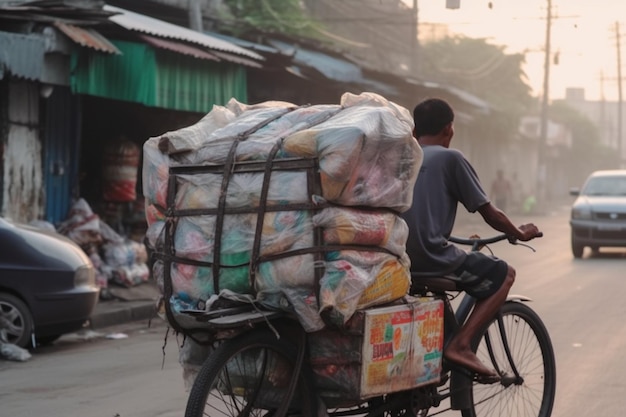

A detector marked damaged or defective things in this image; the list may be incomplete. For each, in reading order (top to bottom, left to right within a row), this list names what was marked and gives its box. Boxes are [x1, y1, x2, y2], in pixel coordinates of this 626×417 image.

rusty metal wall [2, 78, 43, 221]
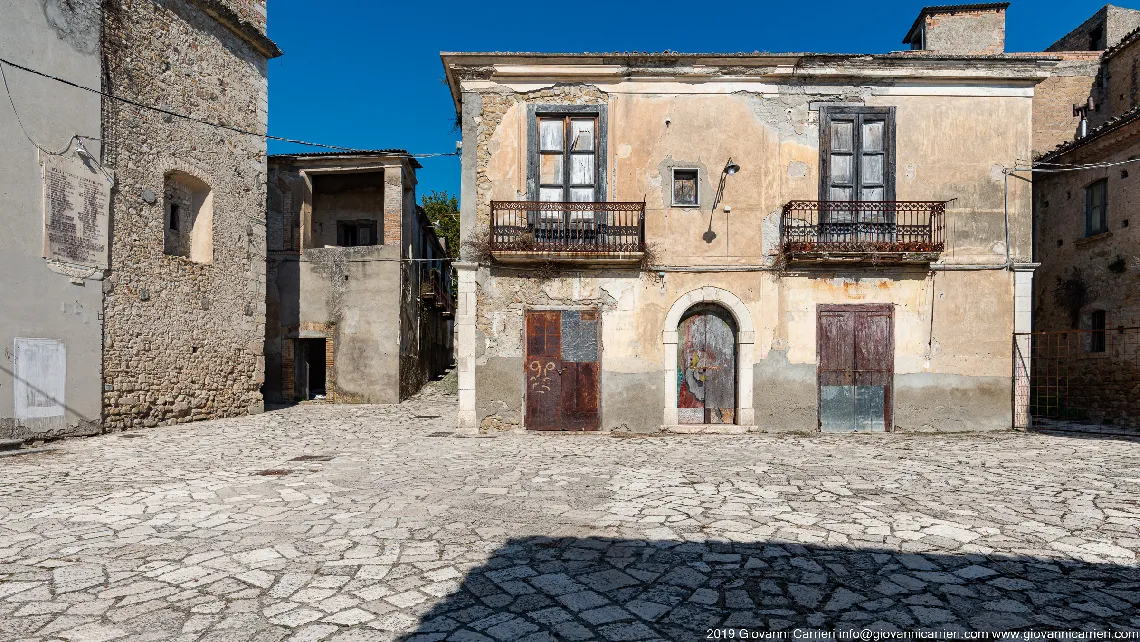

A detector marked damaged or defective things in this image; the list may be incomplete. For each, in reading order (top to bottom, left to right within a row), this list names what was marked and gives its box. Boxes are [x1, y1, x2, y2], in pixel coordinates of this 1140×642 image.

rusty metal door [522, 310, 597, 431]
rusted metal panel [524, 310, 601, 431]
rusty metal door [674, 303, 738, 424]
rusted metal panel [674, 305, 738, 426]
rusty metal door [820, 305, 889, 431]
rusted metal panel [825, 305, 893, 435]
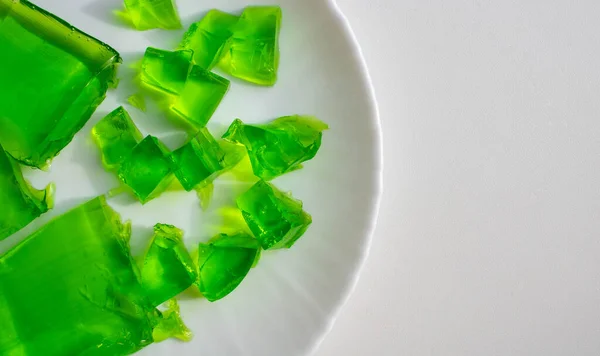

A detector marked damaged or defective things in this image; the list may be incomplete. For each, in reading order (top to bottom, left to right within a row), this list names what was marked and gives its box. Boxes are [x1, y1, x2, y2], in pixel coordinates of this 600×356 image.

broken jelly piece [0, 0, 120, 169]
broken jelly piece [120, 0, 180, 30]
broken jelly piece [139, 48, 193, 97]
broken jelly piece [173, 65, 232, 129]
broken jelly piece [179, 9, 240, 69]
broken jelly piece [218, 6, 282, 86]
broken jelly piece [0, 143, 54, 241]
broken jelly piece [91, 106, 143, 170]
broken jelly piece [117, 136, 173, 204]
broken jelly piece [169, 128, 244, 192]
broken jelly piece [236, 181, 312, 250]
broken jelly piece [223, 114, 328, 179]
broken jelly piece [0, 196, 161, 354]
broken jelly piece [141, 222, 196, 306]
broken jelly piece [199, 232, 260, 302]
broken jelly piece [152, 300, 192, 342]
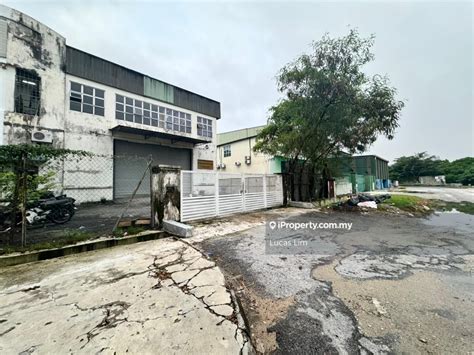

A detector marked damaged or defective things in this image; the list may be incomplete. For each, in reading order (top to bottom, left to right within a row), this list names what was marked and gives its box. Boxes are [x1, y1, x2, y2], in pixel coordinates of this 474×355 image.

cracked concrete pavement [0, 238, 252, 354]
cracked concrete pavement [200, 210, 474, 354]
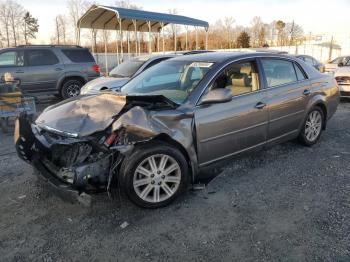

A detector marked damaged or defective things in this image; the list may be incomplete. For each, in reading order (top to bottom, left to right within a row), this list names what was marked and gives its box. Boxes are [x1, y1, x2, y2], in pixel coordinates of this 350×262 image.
○ ○ ○ ○ ○ ○ ○
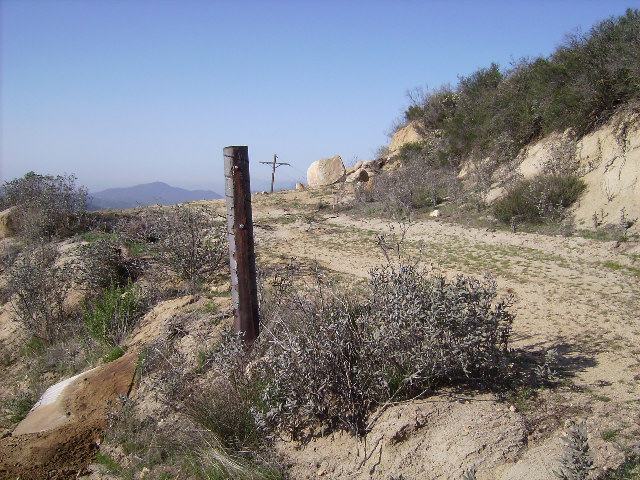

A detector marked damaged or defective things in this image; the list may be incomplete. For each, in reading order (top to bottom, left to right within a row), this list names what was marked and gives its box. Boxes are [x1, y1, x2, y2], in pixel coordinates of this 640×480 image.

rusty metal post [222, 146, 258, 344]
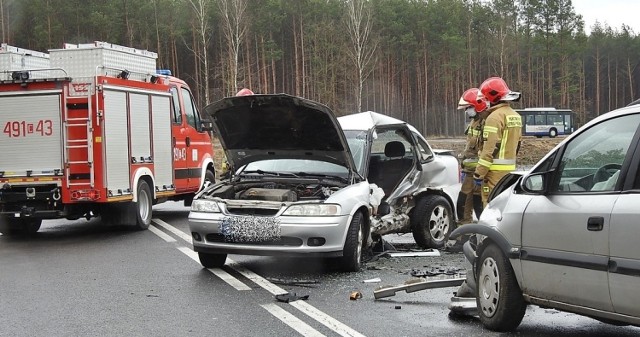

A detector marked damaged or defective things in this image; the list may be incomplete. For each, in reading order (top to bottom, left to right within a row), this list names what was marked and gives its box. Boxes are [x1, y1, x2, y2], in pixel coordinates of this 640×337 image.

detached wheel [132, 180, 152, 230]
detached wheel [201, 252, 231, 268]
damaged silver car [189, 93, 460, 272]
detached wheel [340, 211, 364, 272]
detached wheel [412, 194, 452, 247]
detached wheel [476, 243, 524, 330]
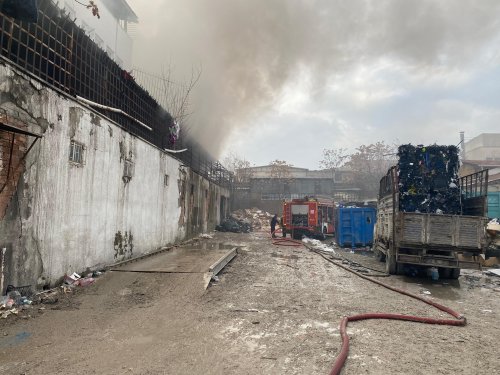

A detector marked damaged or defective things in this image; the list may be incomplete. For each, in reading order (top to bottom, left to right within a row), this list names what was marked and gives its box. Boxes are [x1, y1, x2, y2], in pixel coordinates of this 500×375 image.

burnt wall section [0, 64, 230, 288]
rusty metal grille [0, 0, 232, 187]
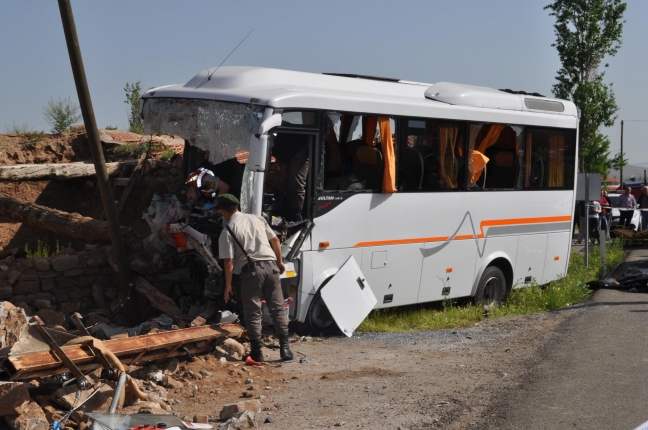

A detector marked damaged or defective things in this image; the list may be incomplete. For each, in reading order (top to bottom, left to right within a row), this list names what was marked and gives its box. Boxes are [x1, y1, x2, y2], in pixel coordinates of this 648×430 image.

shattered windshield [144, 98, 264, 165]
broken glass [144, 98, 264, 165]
○ ○ ○ ○ ○ ○ ○
* [Problem description]
Please output, exactly as written, the lines above from the one holding "this 474×355 image." through the one holding "this 350×262 image.", both included, with the pictures omitted.

* [Answer]
A detector marked damaged or defective things in this image; the list may be incomplete. For each, in reading order (top to bottom, left to right within a row), this list names what was marked and gives its box. Boxes are [x1, y1, x2, y2], in pixel coordinates of this 474×355 image.

cracked concrete pavement [0, 238, 252, 354]
cracked concrete pavement [200, 210, 474, 354]

A detector marked damaged or defective things in this image; the list may be incomplete. For each, in reading order (top to bottom, left to right within a row), this list names what was marked and gives its box. Boxes are [x1, y1, x2, y2], in pixel coordinates of this 350×262 image.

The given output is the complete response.